EXERCISE BRIEF
For the entries below, the expected answer is the line with "sevimli siyah labrador", the line with "福建省泉州市2011届高三第二次市质检精彩试题(理综)word版", and every line between them, exactly as written, and nothing more.

MATERIAL TO PROCESS
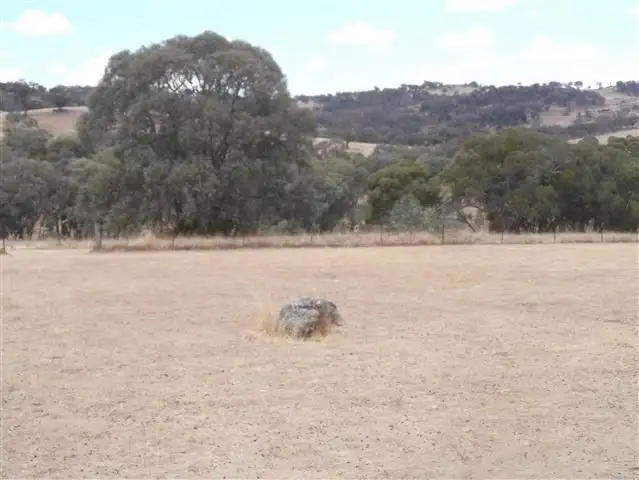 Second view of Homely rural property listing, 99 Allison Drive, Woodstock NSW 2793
...
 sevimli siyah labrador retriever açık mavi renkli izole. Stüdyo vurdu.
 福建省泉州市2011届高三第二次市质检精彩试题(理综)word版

ANSWER TO THIS EXERCISE
 sevimli siyah labrador retriever açık mavi renkli izole. Stüdyo vurdu.
 福建省泉州市2011届高三第二次市质检精彩试题(理综)word版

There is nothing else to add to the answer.